Robot mapping algorithm precision simulation evaluation method

Technical Field

The invention relates to a testing technology, in particular to a robot mapping algorithm precision simulation evaluation method.

Background

With the rapid development of the robot industry, robot algorithms are also rapidly developed, robot algorithms of the same type are different, and performances of the robot algorithms may be different in a natural way, for example, a sweeping robot experiences iteration from random movement to ESLAM, and then to different algorithms and technologies such as laser SLAM and VSLAM. The progress and optimization of the algorithm have higher and higher occupation ratio on the improvement of the performance of the robot, and the evaluation work of the algorithm is more and more important.

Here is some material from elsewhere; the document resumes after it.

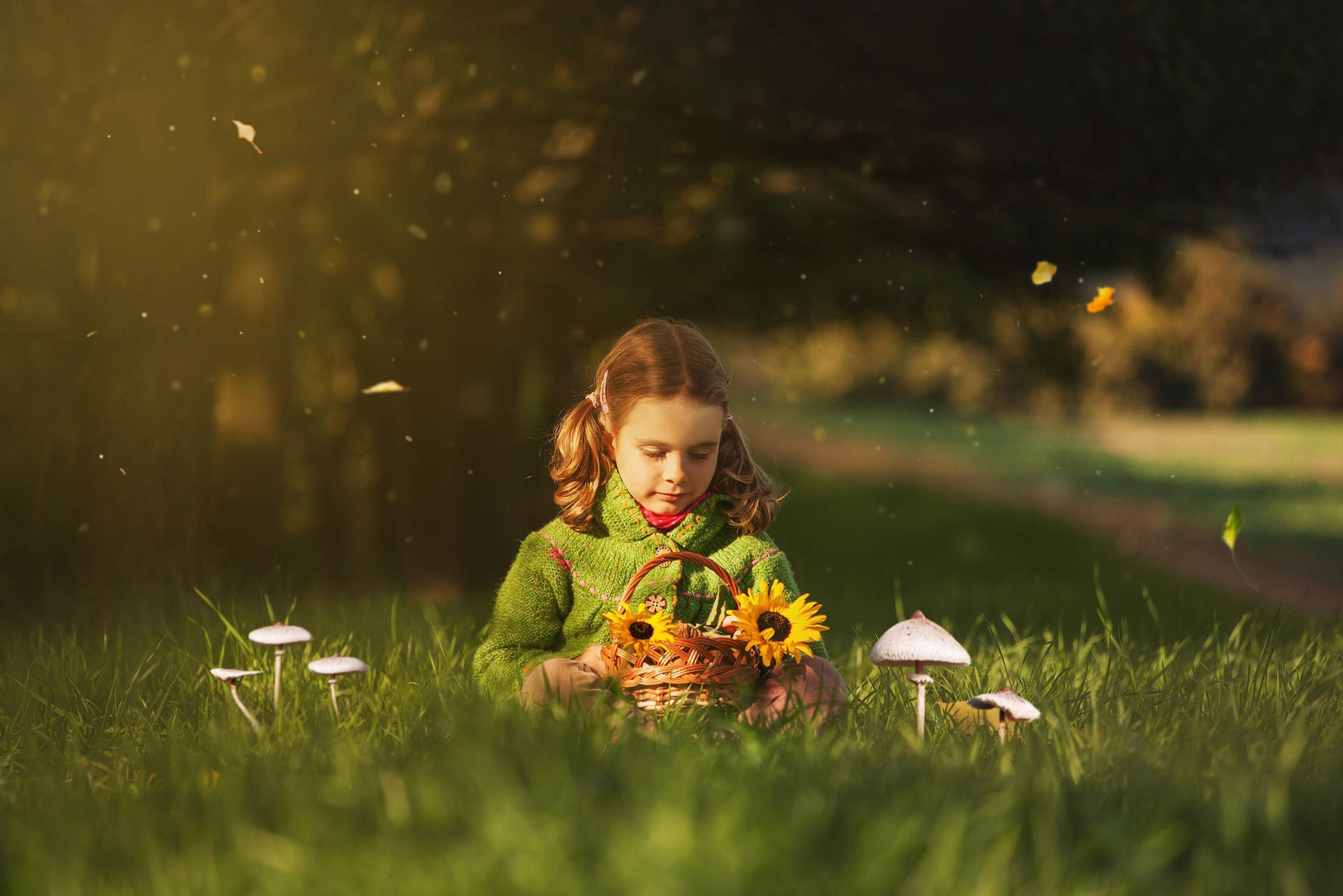 Girl Child Holding Sunflowers In Spring Background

However, the evaluation means of the algorithm is always lagged compared with the rapid development of the algorithm. Many robotic products perform acceptably in laboratories and factories, but once a real user working environment is reached, various errors occur. On one hand, the evaluation means is backward and incomplete, and on the other hand, enterprises cannot cover complicated and diversified user actual working environments during the test.

In the robot SLAM algorithm, the mapping algorithm is the basis of other algorithms such as navigation, positioning and the like, and is particularly important. For example, a household sweeper only needs to work in a small-area environment in a home, and even if the accuracy of the mapping algorithm is not high, no bad result can be caused, while an industrial robot, such as an industrial AGV, needs to work in a large-area environment such as a factory building and the like, and because the equipment is heavy, the value is high, if the mapping accuracy is low, serious results such as personal safety or property loss can be caused. The method for evaluating the accuracy of the mapping algorithm is a simple, universal and efficient evaluation method, and is a problem which needs to be solved urgently.

Disclosure of Invention

Aiming at the problem of how to accurately evaluate the mapping algorithm after the mapping algorithm is applied, a robot mapping algorithm precision simulation evaluation method is provided.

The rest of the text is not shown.